Boost logo

Boost :

Subject: Re: [boost] [review] Review of Nowide (Unicode) starts today
From: Frédéric Bron (frederic.bron_at_[hidden])
Date: 2017-06-19 17:37:20


Question to all:

Why should we try to handle wrong UTF-16 (or wrong UTF-8)?
1. such files should not exist
2. if they exist, why?
  - if it is because it is an old file, can the user just rename it properly?
  - if it is because it was produced by a program, why should this
program continue to work without fixing? Isn't it the best way that we
get wrong filenames forever?

I do not understand why we cannot just issue an error.

Thanks for explanations,

Frédéric

2017-06-19 19:19 GMT+02:00 Zach Laine via Boost <boost_at_[hidden]>:
> On Sun, Jun 11, 2017 at 11:20 PM, Frédéric Bron via Boost <
> boost_at_[hidden]> wrote:
>
>> Hi Everyone,
>>
>> The formal review of Artyom Beilis' Nowide library starts today and
>> will last until Wed. 21st of June.
>> [snip]
>> Please post your comments and review to the boost mailing list
>> (preferably), or privately to the Review Manager (to me ;-). Here are
>> some questions you might want to answer in your review:
>>
>
>
>
>> - What is your evaluation of the design?
>>
>
> 1) I'd really much rather have an iterator-based interface for the
> narrow/wide conversions. There's an existing set of iterators in
> Boost.Regex already, and I've recently written one here:
>
> https://github.com/tzlaine/text/blob/master/boost/text/utf8.hpp
>
> The reliance on a new custom string type is a substantial mistake, IMO
> (boost::nowide::basic_stackstring). Providing an iterator interface
> (possibly cribbing the one of the two implementations above) would negate
> the need for this new string type -- I could use the existing std::string,
> MyString, QString, a char buffer, or whatever. Also, I'd greatly prefer
> that the new interfaces be defined in terms of string_view instead of
> string/basic_stackstring (there's also a string_view implementation already
> Boost.Utility). string_view is simply far more usable, since it binds
> effortlessly to either a char const * or a string.
>
> 2) I don't really understand what happens when a user passes a valid
> Windows filename that is *invalid* UTF-16 to a program using Nowide.
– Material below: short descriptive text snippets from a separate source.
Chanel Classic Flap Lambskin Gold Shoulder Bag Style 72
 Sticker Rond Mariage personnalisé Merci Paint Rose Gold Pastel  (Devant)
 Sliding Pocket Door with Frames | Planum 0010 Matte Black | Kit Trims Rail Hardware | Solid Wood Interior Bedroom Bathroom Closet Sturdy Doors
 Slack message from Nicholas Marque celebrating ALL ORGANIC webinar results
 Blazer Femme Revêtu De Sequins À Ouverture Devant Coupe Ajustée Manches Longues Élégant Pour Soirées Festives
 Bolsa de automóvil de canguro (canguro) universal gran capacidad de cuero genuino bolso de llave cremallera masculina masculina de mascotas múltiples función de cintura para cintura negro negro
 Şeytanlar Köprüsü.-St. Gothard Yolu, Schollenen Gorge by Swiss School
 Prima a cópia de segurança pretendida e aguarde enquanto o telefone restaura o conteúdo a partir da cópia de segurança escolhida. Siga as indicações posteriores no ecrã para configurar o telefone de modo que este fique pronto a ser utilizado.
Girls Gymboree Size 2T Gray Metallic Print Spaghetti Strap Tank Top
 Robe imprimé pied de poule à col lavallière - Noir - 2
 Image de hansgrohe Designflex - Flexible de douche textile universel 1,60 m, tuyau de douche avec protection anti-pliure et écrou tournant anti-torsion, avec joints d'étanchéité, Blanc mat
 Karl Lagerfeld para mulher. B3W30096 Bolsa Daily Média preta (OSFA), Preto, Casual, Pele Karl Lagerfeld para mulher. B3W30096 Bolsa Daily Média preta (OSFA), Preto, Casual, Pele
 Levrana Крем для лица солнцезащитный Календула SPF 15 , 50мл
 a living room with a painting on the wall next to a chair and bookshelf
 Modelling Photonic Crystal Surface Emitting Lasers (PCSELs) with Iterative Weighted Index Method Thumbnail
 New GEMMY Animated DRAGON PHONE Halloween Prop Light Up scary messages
Is
> the invalid UTF-16 filename just broken in the process of trying to convert
> it to UTF-8? This is partially a documentation problem, but until I
> understand how this is intended to work, I'm also counting it as a design
> issue.
>
>> - What is your evaluation of the implementation?
>
> I did not look.
>
>> - What is your evaluation of the documentation?
>
> I think the documentation needs a bit of work. The non-reference portion
> is quite thin, and drilling down into the reference did not answer at least
> one question I had (the one above, about invalid UTF-16):
>
> Looking at some example code in the "Using the Library" section, I saw this:
>
> "
> To make this program handle Unicode properly, we do the following changes:
>
> #include <boost/nowide/args.hpp>
> #include <boost/nowide/fstream.hpp>
> #include <boost/nowide/iostream.hpp>
> int main(int argc,char **argv)
> {
> boost::nowide::args a(argc,argv); // Fix arguments - make them UTF-8
> "
>
> Ok, so I clicked "boost::nowide::args", hoping for an answer. The detailed
> description for args says:
>
> "
> args is a class that fixes standard main() function arguments and changes
> them to UTF-8 under Microsoft Windows.
>
> The class uses GetCommandLineW(), CommandLineToArgvW() and
> GetEnvironmentStringsW() in order to obtain the information. It does not
> relates to actual values of argc,argv and env under Windows.
>
> It restores the original values in its destructor
> "
>
> It tells me nothing about what happens when invalid UTF-16 is encountered.
> Is there an exception? Is 0xfffd inserted? If the latter, am I just
> stuck? I should not have to read any source code to figure this out, but
> it looks like I have to.
>
> This criticism can be applied to most of the documentation. My preference
> is that the semantics of primary functionality of the library should be
> explained in tutorials or other non-reference formats. The current state
> of the docs doesn't even explain things in the references. This must be
> fixed before this library can be accepted.
>
>> - What is your evaluation of the potential usefulness of the library?
>
> I think this library is attempting to address a real and important issue.
> I just can't figure out if it's a complete solution, because how invalid
> UTF-16 is treated remains a question.
>
>> - Did you try to use the library? With what compiler? Did you have any
>
>> problems?
>>
>
> I did not.
>
> - How much effort did you put into your evaluation? A glance? A quick
>> reading? In-depth study?
>>
>
> A quick reading, plus a bit of discussion on the list.
>
>
>> - Are you knowledgeable about the problem domain?
>>
>
> I understand the UTF-8 issues reasonably well, but am ignorant of the
> Windows-specific issues.
>
>
>> And most importantly:
>> - Do you think the library should be accepted as a Boost library? Be
>> sure to say this explicitly so that your other comments don't obscure
>> your overall opinion.
>>
>
> I do not think the library should be accepted in its current form. It
> seems not to handle malformed UTF-16, which is a requirement for processing
> Windows file names (as I understand it -- please correct this if I'm
> wrong). Independent of this, I don't find the docs to be sufficient.
>
> Zach
>
> _______________________________________________
> Unsubscribe & other changes: http://lists.boost.org/mailman/listinfo.cgi/boost

-- 
Frédéric Bron
-----------------------------------------------------------
Frédéric Bron (frederic.bron_at_[hidden])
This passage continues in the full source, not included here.